> [PROMPT]: For each line of the listing that holds "Table", show the full line.
EXTRACTED RECORDS below:
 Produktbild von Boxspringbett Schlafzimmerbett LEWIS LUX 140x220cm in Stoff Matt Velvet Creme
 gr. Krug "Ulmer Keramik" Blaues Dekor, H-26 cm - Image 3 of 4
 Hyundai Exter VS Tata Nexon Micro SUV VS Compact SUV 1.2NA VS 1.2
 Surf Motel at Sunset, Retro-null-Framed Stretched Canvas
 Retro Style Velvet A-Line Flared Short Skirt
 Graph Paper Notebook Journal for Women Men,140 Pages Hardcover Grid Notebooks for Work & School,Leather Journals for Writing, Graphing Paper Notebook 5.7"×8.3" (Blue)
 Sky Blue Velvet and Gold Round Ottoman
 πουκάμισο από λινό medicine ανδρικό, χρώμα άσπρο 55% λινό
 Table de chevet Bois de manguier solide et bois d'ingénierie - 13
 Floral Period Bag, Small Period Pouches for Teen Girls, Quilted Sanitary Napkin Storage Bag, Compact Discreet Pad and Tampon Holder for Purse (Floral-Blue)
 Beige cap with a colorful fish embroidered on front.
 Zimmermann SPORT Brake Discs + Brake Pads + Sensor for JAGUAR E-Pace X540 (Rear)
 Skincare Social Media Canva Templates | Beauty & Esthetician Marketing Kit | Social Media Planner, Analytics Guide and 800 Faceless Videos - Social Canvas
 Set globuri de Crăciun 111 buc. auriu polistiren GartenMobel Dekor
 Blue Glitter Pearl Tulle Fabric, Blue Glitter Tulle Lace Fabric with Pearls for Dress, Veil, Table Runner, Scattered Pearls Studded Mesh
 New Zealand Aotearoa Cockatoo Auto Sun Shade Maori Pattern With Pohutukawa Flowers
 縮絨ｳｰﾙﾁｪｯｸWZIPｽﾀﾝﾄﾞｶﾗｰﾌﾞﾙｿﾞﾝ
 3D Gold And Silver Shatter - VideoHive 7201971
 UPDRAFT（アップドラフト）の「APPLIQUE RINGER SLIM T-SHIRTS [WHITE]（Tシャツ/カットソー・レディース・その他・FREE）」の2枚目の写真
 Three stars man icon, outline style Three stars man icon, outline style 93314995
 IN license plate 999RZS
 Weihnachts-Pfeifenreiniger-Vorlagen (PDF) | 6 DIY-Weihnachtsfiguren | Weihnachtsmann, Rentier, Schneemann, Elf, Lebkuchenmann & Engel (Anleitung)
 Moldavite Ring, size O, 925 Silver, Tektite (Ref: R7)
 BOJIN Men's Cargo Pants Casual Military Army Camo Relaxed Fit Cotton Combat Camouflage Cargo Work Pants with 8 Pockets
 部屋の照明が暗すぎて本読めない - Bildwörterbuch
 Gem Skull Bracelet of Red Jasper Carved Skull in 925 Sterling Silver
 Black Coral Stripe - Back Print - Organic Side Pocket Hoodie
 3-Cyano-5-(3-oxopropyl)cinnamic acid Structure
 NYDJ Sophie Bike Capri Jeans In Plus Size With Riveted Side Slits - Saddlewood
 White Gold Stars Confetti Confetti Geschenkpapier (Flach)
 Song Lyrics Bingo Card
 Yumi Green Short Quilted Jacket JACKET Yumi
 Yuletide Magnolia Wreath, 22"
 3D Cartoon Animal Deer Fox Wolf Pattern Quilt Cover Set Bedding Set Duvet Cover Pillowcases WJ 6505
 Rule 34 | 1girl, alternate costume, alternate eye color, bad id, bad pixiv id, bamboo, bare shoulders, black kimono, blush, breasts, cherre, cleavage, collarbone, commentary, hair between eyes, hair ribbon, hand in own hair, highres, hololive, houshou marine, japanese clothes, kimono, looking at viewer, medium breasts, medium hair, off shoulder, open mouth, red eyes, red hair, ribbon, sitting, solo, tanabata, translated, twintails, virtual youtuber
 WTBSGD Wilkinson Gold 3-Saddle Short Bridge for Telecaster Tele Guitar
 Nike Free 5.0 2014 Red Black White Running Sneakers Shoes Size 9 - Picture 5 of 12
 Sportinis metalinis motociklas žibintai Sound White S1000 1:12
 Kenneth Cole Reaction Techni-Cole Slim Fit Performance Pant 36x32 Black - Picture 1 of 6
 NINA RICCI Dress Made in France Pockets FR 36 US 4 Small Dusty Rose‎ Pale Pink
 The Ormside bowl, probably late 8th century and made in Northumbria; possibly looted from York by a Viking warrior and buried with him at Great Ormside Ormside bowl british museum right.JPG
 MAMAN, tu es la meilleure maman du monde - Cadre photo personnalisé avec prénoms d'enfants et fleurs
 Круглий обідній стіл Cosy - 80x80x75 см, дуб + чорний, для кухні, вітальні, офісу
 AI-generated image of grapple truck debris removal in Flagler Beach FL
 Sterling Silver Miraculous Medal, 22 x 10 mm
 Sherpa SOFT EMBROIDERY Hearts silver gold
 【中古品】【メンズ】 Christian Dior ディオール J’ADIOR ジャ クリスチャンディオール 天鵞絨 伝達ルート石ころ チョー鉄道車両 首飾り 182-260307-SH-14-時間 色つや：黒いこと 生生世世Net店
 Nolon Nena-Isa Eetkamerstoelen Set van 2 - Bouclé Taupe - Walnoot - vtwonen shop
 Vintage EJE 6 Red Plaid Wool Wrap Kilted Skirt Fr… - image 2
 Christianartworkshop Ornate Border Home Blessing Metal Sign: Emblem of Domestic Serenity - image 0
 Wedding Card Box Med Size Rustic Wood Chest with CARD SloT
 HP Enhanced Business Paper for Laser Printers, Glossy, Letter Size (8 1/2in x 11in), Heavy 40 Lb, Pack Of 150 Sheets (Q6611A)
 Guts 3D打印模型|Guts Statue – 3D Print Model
End of EXTRACTED RECORDS.
> [FINAL ANSWER]:
 Table de chevet Bois de manguier solide et bois d'ingénierie - 13
 Blue Glitter Pearl Tulle Fabric, Blue Glitter Tulle Lace Fabric with Pearls for Dress, Veil, Table Runner, Scattered Pearls Studded Mesh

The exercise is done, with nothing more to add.